Bobby Baker, PhD, Director of Faith and Community Partnerships at Methodist Le Bonheur Healthcare in Memphis, TN, USA

I did a lot of research on this for my doctoral project, and of course it just confirmed what I already knew.

Number one, there’s a history that underserved populations get taken advantage of by health care systems — when you look at the Tuskegee experiments, and there are things that are still being uncovered that the government experimented with people that were underserved. So, there’s a history of mistrust.

Secondly, if I don’t understand something, it’s difficult for me to trust it. If I don’t understand how it works. If, whenever I show up, there’s always a barrier that I can’t get around, then it feels as if the system does not want me to be a part of it, doesn’t want me to access it. So, if I’m an underserved person, and I already don’t have the resources, and I make my way to the place that I believe can help me, and I run into barriers, that certainly creates more mistrust.

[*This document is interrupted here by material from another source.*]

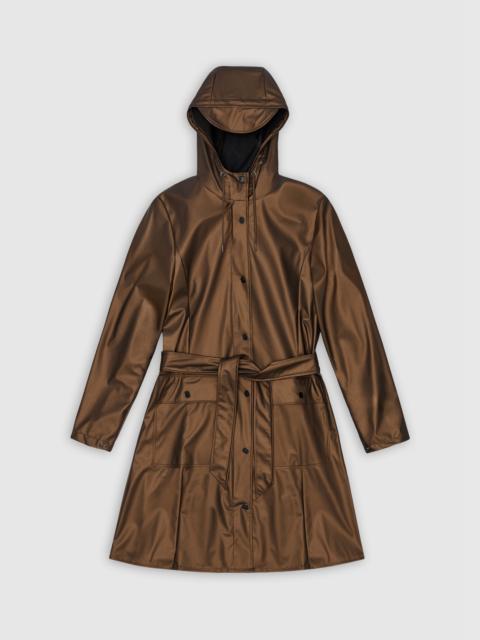 RAINS Curve Long Jacket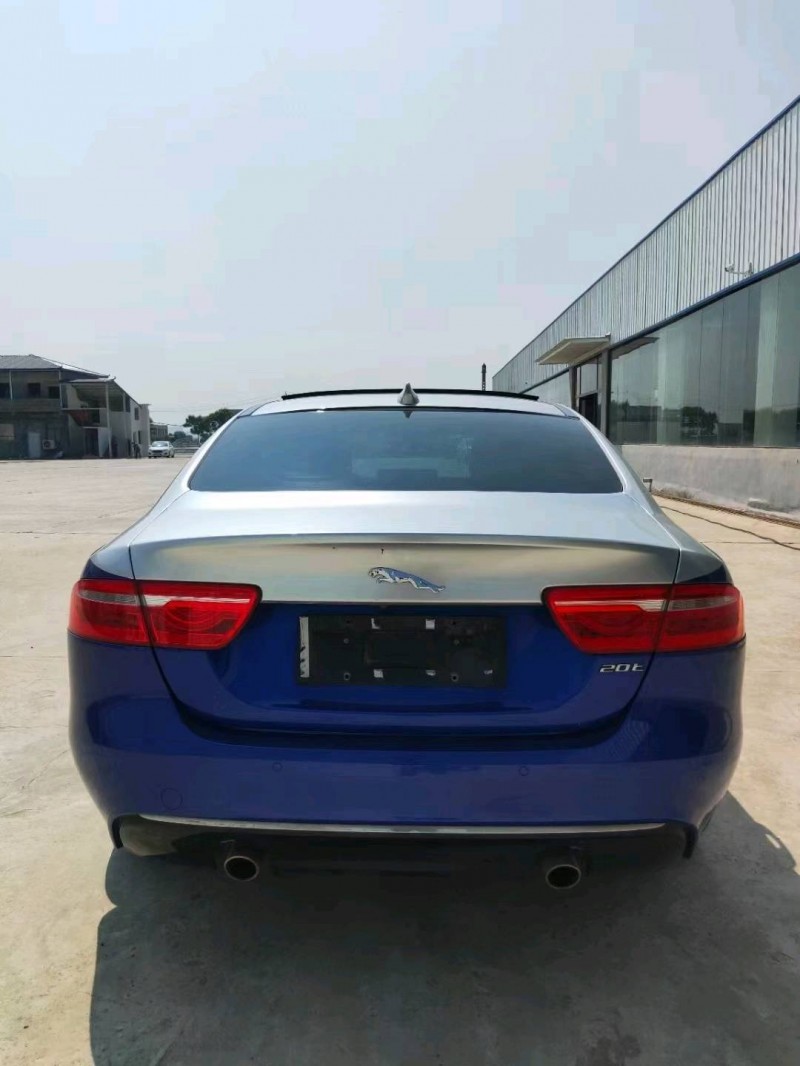 襄阳19年捷豹XEL3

Then I’d finally say this: when we think of health care and we start talking about people who are compliant and non-compliant, people who are underserved are very smart because they figure out how to live on much less than any of us could ever figure out. They figure out how to get to places they need to get to and things they need to survive, because they’re in survival mode all the time. So, one of the things that I would say to health care providers, we’d be more successful if we would stop coming up with new stuff and pave the path that some of these people are already walking.

I mean, we’ve been trying to improve [emergency department] utilization for 20 years. It seems to me it would be simple for us to look at the path people are already walking and figure out how to affect that path. We know that people are showing up at our emergency rooms and they don’t have emergencies. Now, we’ve come up with all kinds of bright ideas. How about we just pave the path they’re already walking? They’re showing up at the ED already. Why not figure out how to do something for them when they show up at the ED? Pretty simple.

That, in turn, would create trust, because I showed up where, if I don’t have any money, I know I’m going to be served. When I show up there, how about have something in place that’s going to serve me in a way that I feel that I’m affirmed and in a way that I feel that you’re not trying to get rid of me.

When we think about those things, it’s then that we can start to garner some trust in underserved communities.